Google Translation API male female translation issue with ukranian language.

When translating names from Ukranian(also seen in Polish, Hungarian), there is a problem where the returning translated value is a name of the opposite gender. The incorrect translation will be related to all the names that in Ukraine can have a male and female “version” (e.g. Yaroslav – Yaroslava, Oleksandr – Oleksandra etc.).

Example :

“Ярослава Федоренко” is translated as “Yaroslav Fedorenko” by Google Translation API. The correct expected output is “Yaroslava Fedorenko”.

“Bing” / “Deep L” / "www.reverso.net" / all provided the correct translation ie “Yaroslava Fedorenko”.

Even in Google translation done from web, the text shown under ukranian text(which is I think is meant for pronunciation) is correct. But the translation on right side is wrong.

In Ukranian language “Ярослав” is male(without a in end) and “Ярослава” is female version. Below wikipedia page explains this.

https://en.wikipedia.org/wiki/Ukrainian_name

Is there a way to get correct translation of “Ярослава Федоренко” as “Yaroslava Fedorenko” from Google API. If this is a bug in API, where should we report this to get it fixed.

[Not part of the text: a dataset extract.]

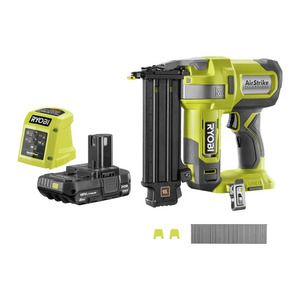 Ryobi 18V ONE+ 18Ga Brad Nailer 2Ah Kit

Have attached Screenshots below.

2 Likes

Good day @rajsj ,

Welcome to Google Cloud Community!

You can use a glossary for this case, it is a custom dictionary that Cloud Translation API uses to translate your domain-specific terminology. It can used for ambiguous words (e.g. translation of the word “bat” may mean an animal or a piece of equipment in sport but you want to use the glossary to translate the word “bat” to an animal instead of the the equipment in sport), it can also be used for borrowed words as well as Product names (e.g. Translation of a product, “Google Translate” must only be translated to “Google Translate”) and it can also be applied in this case. For more information regarding glossaries, you can visit this link: https://cloud.google.com/translate/docs/advanced/glossary
There are two types of glossary that are currently supported in Cloud Translation API, unidirectional glossaries and equivalent term sets. Unidirectional glossaries allow you to specify your preferred translation for a single pair of source and target languages, while the equivalent term sets can identify the equal terms to different languages. For more information, you can visit this link: https://cloud.google.com/translate/docs/advanced/glossary#create_a_glossary
Here is how you can create a glossary file: https://cloud.google.com/translate/docs/advanced/glossary#format-glossary
But before you start creating a glossary please note about the required permission: https://cloud.google.com/translate/docs/advanced/glossary#before_you_begin
You can also file this issue using this link: https://cloud.google.com/support/docs/issue-trackers

Hope this helps!